__Work instruction__.
Would you copy out, exactly as written, each line from the one containing "kastenstand-kot-und-urin-laufen-nicht-ab Sxhweine in" to the end of the records below?
━━━ Provided entries
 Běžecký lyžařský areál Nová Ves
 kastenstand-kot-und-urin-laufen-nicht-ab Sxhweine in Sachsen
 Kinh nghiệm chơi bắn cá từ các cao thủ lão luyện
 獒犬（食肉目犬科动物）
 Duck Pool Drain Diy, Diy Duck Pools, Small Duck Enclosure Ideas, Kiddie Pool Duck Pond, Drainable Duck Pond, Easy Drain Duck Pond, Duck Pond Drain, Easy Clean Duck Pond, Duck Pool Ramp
━━━━━━
__Answer for the task__.
 kastenstand-kot-und-urin-laufen-nicht-ab Sxhweine in Sachsen
 Kinh nghiệm chơi bắn cá từ các cao thủ lão luyện
 獒犬（食肉目犬科动物）
 Duck Pool Drain Diy, Diy Duck Pools, Small Duck Enclosure Ideas, Kiddie Pool Duck Pond, Drainable Duck Pond, Easy Drain Duck Pond, Duck Pond Drain, Easy Clean Duck Pond, Duck Pool Ramp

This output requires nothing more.